Problem statement:
Look in the data below for the line that has "VT license plate ZQP145", then print exactly every line from there through the line that has "The whiskey shot- hammered", leaving pictures out.

Source data START

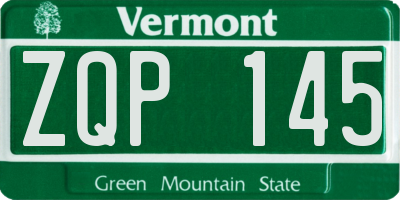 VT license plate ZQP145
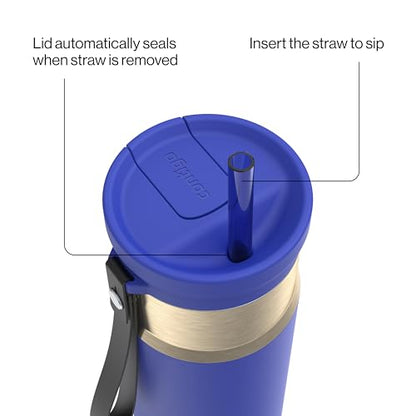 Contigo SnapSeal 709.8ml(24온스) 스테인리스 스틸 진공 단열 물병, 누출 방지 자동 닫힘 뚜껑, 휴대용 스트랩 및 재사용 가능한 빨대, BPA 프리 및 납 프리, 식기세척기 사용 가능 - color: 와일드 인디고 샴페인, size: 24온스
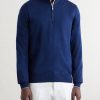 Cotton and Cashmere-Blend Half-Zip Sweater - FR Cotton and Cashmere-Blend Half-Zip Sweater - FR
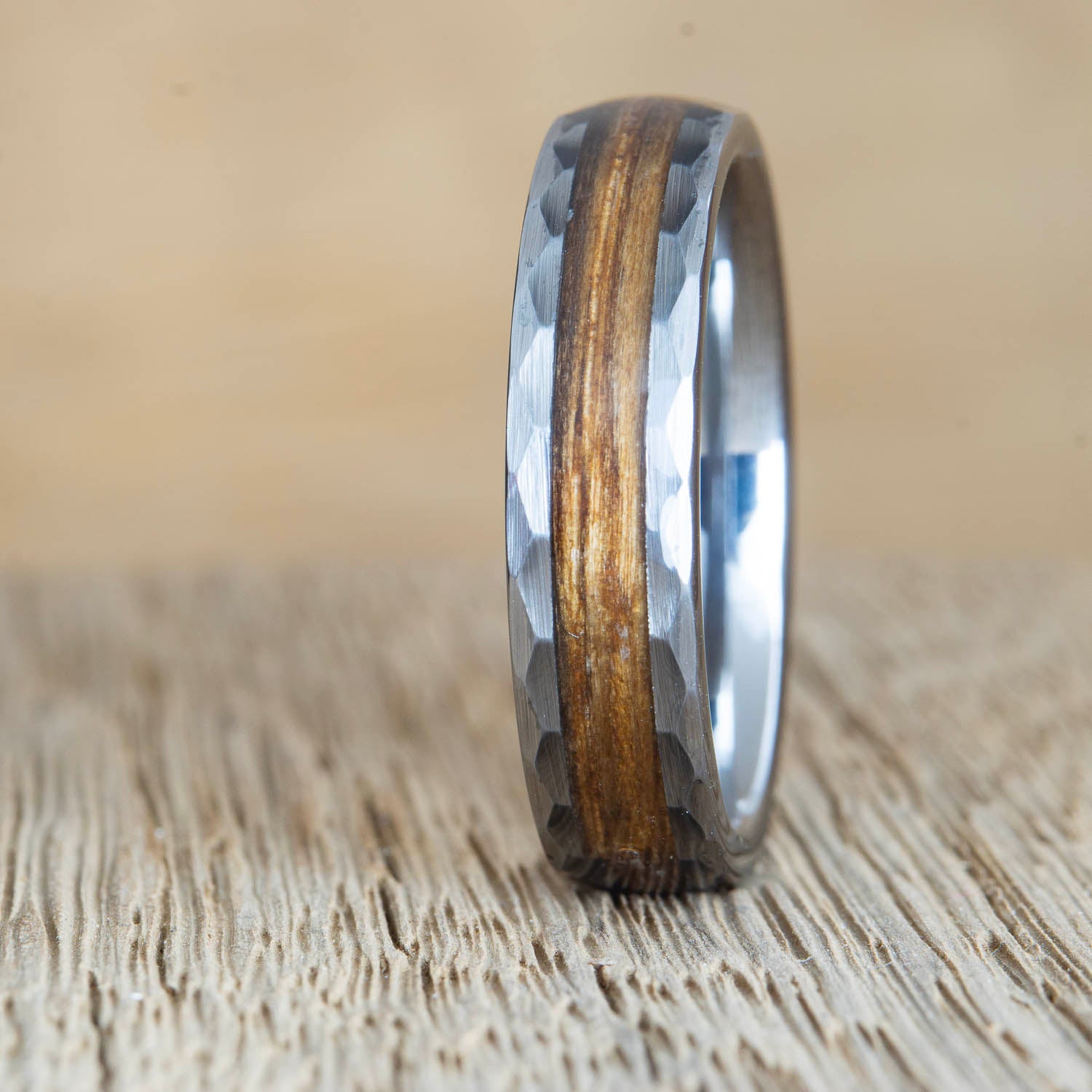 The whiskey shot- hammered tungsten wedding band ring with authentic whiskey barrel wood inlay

Source data END
Source data START

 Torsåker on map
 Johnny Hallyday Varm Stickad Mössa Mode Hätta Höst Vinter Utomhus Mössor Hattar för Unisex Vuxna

Source data END

Expected answer:
 VT license plate ZQP145
 Contigo SnapSeal 709.8ml(24온스) 스테인리스 스틸 진공 단열 물병, 누출 방지 자동 닫힘 뚜껑, 휴대용 스트랩 및 재사용 가능한 빨대, BPA 프리 및 납 프리, 식기세척기 사용 가능 - color: 와일드 인디고 샴페인, size: 24온스
 Cotton and Cashmere-Blend Half-Zip Sweater - FR Cotton and Cashmere-Blend Half-Zip Sweater - FR
 The whiskey shot- hammered tungsten wedding band ring with authentic whiskey barrel wood inlay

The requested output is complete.